To add an item \(x\), we first look at the counters in the first level \(V_0\). If there is enough room (i.e., width) available, we simply perform the increment. If the counter overflows, we insert \(x\) into \(V_1\) and remove it from \(V_0\). In this fashion, the counter value is unbounded as we can always add more levels. However, the item has to be hashed \(l\) times with a total of \(\sum_{i=0}^{l-1} k_i\) hash functions.

In order to read the counter of an item, we combine the binary representation of all the levels. Let \(c_i\) be the counter value at level \(i\). Then we compute the counter value as

\[ C = \sum_{i=0}^{l-1} c_i 2^{\sum_{j=0}^i w_i}. \]

The Figure below illustrates a bitwise Bloom filter with \(w_i = 1 \; \forall i\).

The bitwise Bloom filter consists of \(l\) counting Bloom filters, each of which represent \(w_i\) orders of magnitude of the entire counter.

Spectral

The spectral Bloom filter is an optimized version of the counting Bloom filter. It consists of two extra algorithms in addition to MS and introduces a more space-efficient data structure to represent counters.

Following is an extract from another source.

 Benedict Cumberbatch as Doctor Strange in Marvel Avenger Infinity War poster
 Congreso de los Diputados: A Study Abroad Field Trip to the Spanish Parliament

Let us review the MS algorithm. When querying an item \(q\in U\), MS uses the minimum counter value \(m_q = \min_i C_q\) as frequency estimate, i.e., \(\widehat{f}_q = m_q\). Cohen and Matias claim that \(f_x \le m_x\) and \(\mathbb{P}(\widehat{f}_x \neq m_x) = \mathbb{P}(E_B)\) for all \(x\in S\).
The second spectral algorithm is an optimization for the add operation. When adding an item \(x\) to the Bloom filter, the minimum increase (MI) algorithm only increments the minimum counter value(s) \(\tilde{C}_x = \min_i C_x\). The rationale behind this is that \(m_x\) is always the most accurate count, thus MI results in the fewest possible increment operations. Because not all counters are incremented on inserts, the effect of deletes is significantly worse and the number of FNs becomes unbounded. Thus, the MI algorithm should not be used when removing of items from a Bloom filter. Cohen and Matias claim that \(E_B^{MI} = O(E_B)\) and that if \(x\) is drawn uniformly from \(U\), then \(E_B^{MI} = E_B/k\).
The third algorithm is recurring minimum (RM) and involves two Bloom filters, \(V_1\) and \(V_2\). The key insight behind RM is that items that experience Bloom errors are less likely to have recurring minima counter values. Cohen and Matias found empirically that this applies to approximately 20% of the items. Such items with a unique minimum are maintained in the second Bloom filter to reduce the discrepancy between \(f_x\) and \(\widehat{f}_x\). To query an item \(q\in U\) according to the RM algorithm, we look first into the first Bloom filter and check if \(q\) has a recurring minimum. If so, we return the minimum counter value. Otherwise we look the minimum counter value from the second Bloom filter, unless it is 0. If it is 0 (i.e., does not exist), we return the minimum counter from the first Bloom filter. Since all the items are inserted into the first bloom filter, the RM optimization does at least as well as the MS algorithm, yet has usually better error rates because a second filter holding fewer items is used for items which experience higher error rates.

Aging

A problem all the above Bloom filter variants is that they eventually fill up over time when dealing with a large set or stream of data. This means that at some point the Bloom filter becomes unusable due to its high error rates. There exist various scenarios where one would like to "age out" old items that have been added a long time ago. For example, we might want to estimate only recent items or we have a very limited amount of space available.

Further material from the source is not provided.